*Dataset entries*:
▼
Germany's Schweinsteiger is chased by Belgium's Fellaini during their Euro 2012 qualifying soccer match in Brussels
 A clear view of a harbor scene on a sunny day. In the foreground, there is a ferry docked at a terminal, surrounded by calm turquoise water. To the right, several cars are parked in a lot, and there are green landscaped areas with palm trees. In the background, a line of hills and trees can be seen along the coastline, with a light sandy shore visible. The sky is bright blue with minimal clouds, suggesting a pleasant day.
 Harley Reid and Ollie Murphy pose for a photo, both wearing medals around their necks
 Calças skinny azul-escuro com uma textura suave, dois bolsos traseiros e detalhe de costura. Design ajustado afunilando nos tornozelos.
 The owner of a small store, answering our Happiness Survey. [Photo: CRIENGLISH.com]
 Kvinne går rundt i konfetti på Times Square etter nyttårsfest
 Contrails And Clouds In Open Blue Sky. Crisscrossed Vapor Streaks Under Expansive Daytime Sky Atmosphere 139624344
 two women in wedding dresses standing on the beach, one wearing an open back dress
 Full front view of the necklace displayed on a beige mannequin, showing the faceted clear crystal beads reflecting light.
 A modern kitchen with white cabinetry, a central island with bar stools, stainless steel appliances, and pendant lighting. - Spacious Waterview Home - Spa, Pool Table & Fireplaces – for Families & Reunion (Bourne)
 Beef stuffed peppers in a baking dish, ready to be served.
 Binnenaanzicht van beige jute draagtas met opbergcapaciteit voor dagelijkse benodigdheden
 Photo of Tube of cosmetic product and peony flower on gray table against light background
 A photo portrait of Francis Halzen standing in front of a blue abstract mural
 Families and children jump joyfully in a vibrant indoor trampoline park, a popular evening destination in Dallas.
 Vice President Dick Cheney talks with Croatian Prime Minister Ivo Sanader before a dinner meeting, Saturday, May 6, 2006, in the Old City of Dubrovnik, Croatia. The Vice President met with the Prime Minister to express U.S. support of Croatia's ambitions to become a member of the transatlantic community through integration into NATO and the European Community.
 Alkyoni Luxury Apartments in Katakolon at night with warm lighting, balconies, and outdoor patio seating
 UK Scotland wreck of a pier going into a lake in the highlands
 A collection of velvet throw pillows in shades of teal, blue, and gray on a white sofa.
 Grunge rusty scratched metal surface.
▲
*Exercise prompt*: Filter the records above down to the lines that hold the string "Families".

*Written solution*:
 A modern kitchen with white cabinetry, a central island with bar stools, stainless steel appliances, and pendant lighting. - Spacious Waterview Home - Spa, Pool Table & Fireplaces – for Families & Reunion (Bourne)
 Families and children jump joyfully in a vibrant indoor trampoline park, a popular evening destination in Dallas.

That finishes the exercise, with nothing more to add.